Wii's online digital store is about to become an open shop. Nintendo's (OTC: NTDOY.PK) next-generation gaming platform is looking to share the fat margin wealth of digital delivery to aspiring game developers with its WiiWare initiative.

Over the past few months, Nintendo has been loading its virtual storefront with throwback classics, priced for as little as $5 a download. There is no physical inventory to stock, products to ship, or retailer returns to worry about. Beyond the small cost of delivering the game files, transactions are mostly gravy.

Nintendo isn't the first video game maker to cash in on the magic of digital delivery. Microsoft's (NASDAQ:MSFT) Xbox set the standard with its Xbox Live interface. Sony (NYSE:SNE) also isn't going to let the opportunity get away. In fact, Sony and Microsoft are shifting to fatter hard drives to store even more games, music, and video content that they will actively peddle in the future.

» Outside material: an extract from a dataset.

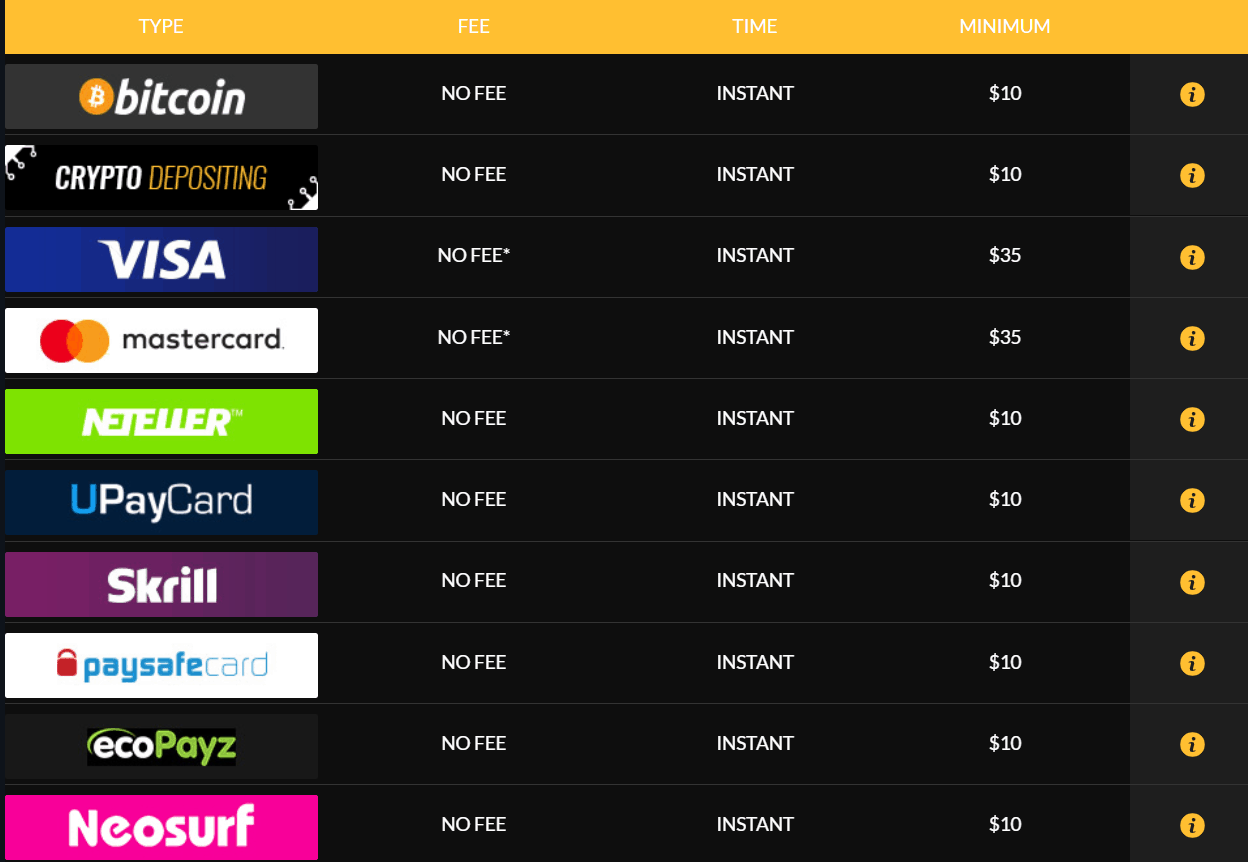 Casino brango online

Microsoft has already moved to sell game enhancements to existing titles through Xbox Live. It's a revenue channel so lucrative that Microsoft will pay $50 million to Take-Two Interactive (NASDAQ:TTWO) for a pair of follow-up episodes to the upcoming Grand Theft Auto IV game.

If there is any surprise here with Nintendo's announcement, it's that the company's Wii ships with much smaller storage capacity than its peers.

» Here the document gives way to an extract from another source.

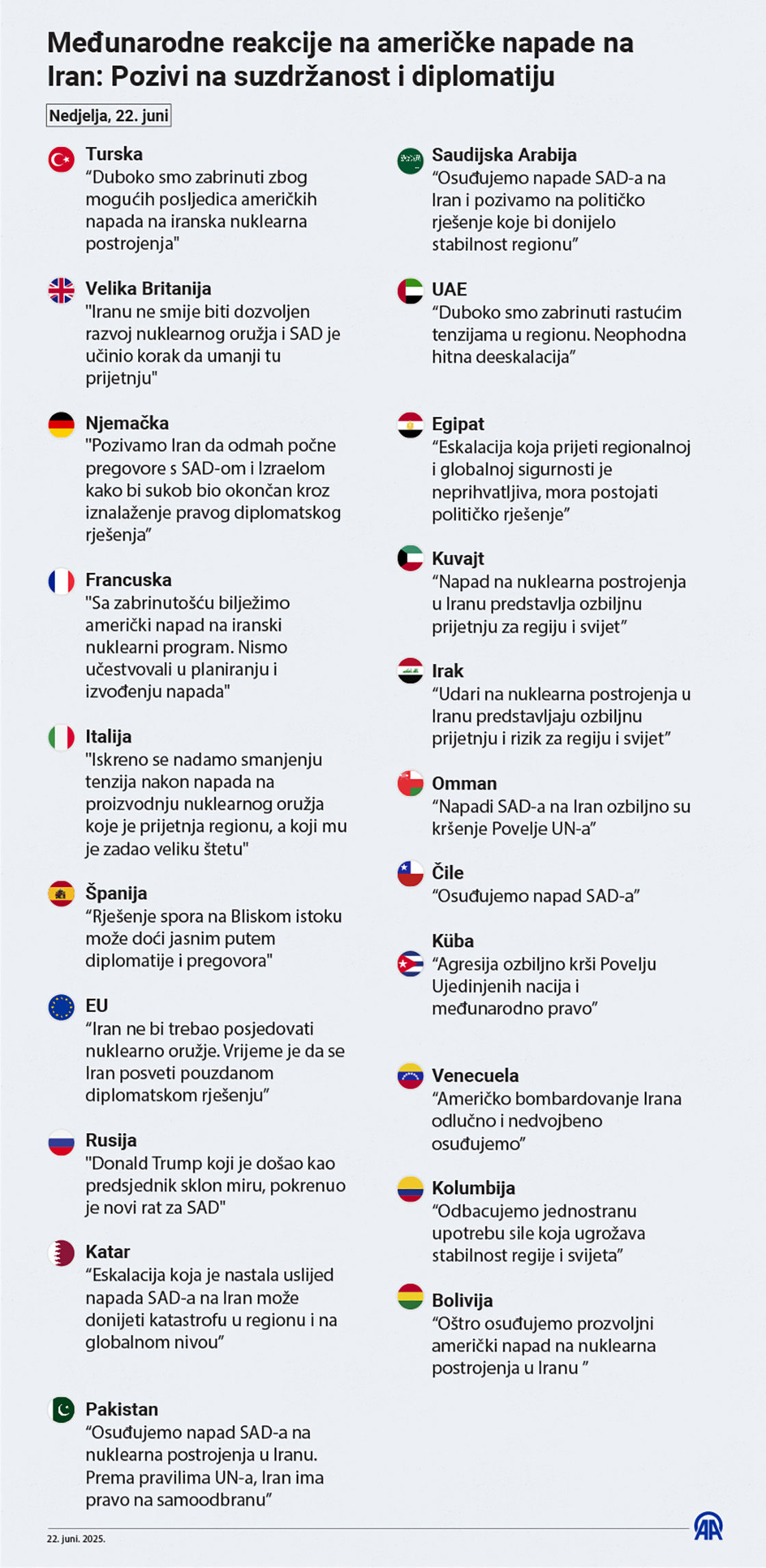 Međunarodne reakcije na američke napade na Iran: Pozivi na suzdržanost i diplomatiju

Nintendo's move will give developers -- especially small ones that may not have the finances to bankroll a costly physical release -- a shot at cashing in on the hottest next-generation console.

Yes, even now -- long after the 2006 holiday rush has come and gone -- it's awfully hard to find a Wii console in stock. Amazon.com (NASDAQ:AMZN) has plenty of PS3 and Xbox 360 systems in its warehouse, but Wii shoppers are down to paying well above retail to get a console from a third-party seller.

Nintendo's move to embrace budding developers, even as its own star is shining brighter, is admirable. It just goes to show that you're never too big to think small.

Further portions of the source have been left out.